The exodus of Vice President Kamala Harris’ aides reached a fever pitch this week when chief of staff Tina Flournoy announced she is stepping down after only 15 months on the job. The magic number is now up to 12 departures in just over a year, and Harris’ deputy chief of staff, Michael Fuchs, will be number 13 in May.
Reports started soon after day one about low morale, lack of communication and trust, and negativity in the vice president’s office. Two administration officials describe an environment of mistreatment, aides feeling they are thrown under the bus, and ideas being ignored or harshly dismissed. Many former staffers say this pattern was brought to the office by, along with the vice president, Flournoy herself.
There have been multiple reports of dysfunction within the office as well as tension between Harris’s and President Biden’s offices. The laundry list of recent issues hardly stops there.

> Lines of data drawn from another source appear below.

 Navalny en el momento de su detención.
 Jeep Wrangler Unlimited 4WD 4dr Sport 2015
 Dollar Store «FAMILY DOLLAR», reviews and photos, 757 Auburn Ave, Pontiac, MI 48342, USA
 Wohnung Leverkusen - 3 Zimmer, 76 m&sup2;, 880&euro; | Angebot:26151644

Harris’s office expressed anger over a cover photo in Vogue magazine that aides said made her feel “wounded” and “belittled.” The slight? Harris was in Converse sneakers and “skinny” pants. As Biden prepared for last year’s inauguration, an adviser allegedly told the Harris staff that the “trivial” issue was a “first world problem.”
The vice president famously took offense at White House aides not standing when she entered a room. A forthcoming book “This Will Not Pass: Trump, Biden, and the Battle for America’s Future,” says she “fixated” on actions such as these as part of a pattern of “perceived snubs.” Harris’s staffers also reportedly believe she does not get her deserved respect from Biden’s “almost entirely white inner circle.”

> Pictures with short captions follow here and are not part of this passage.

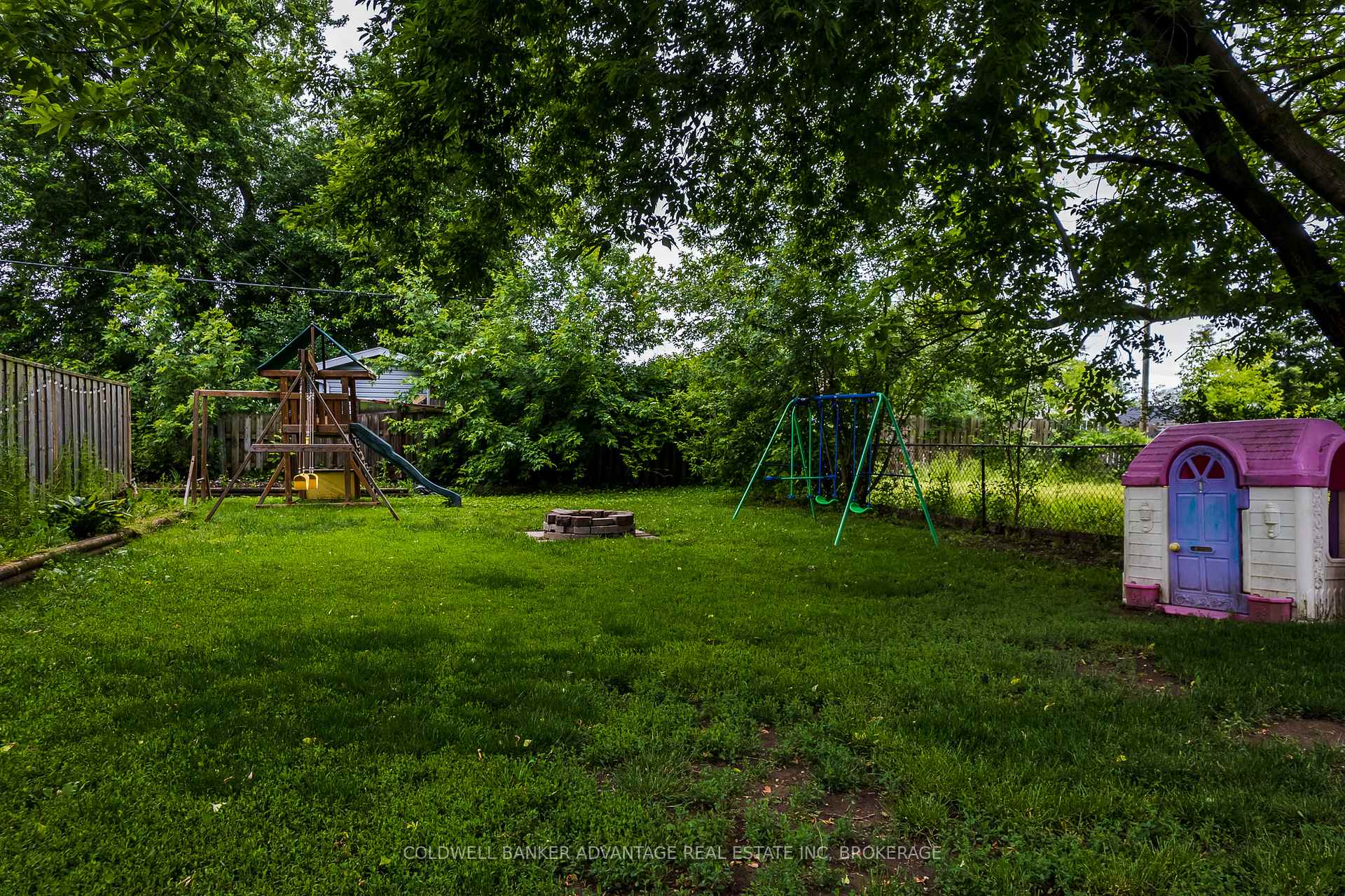 Photo 17 of 54 Lloyd Street, St. Catharines, Western Hill — HOMEH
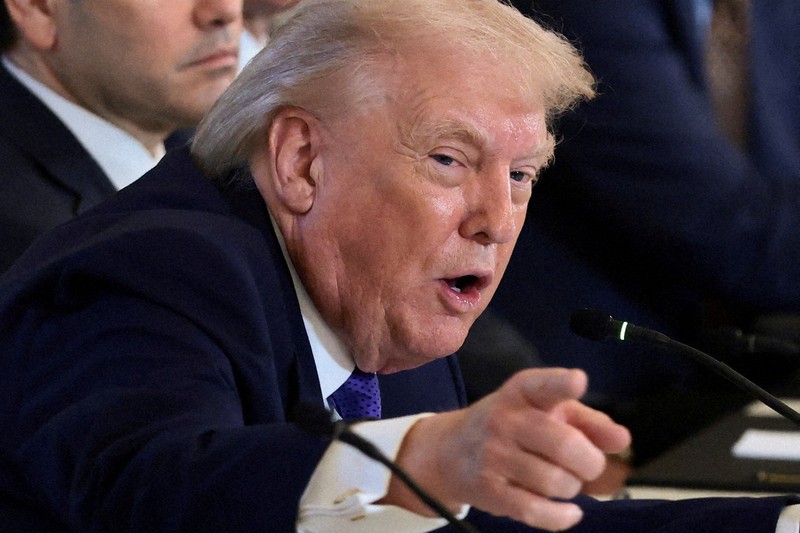 米ホワイトハウスでの会合で指をさすトランプ大統領＝2026年1月9日、ロイター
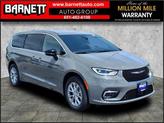 Thumbnail of 2025 Ceramic Gray Clearcoat Chrysler Pacifica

The White House says Flournoy, the most senior member of Harri’s staff to bail out, will be replaced by top adviser Lorraine Voles. She was brought into Harris’ office last year when the VP was getting negative press due to the rash of departures.
It wasn’t long ago when speculation abounded that Biden, who is already the oldest president in U.S. history, would step aside to pave the way for a doubly historic nomination for the vice president. That chatter has been replaced with deafening silence.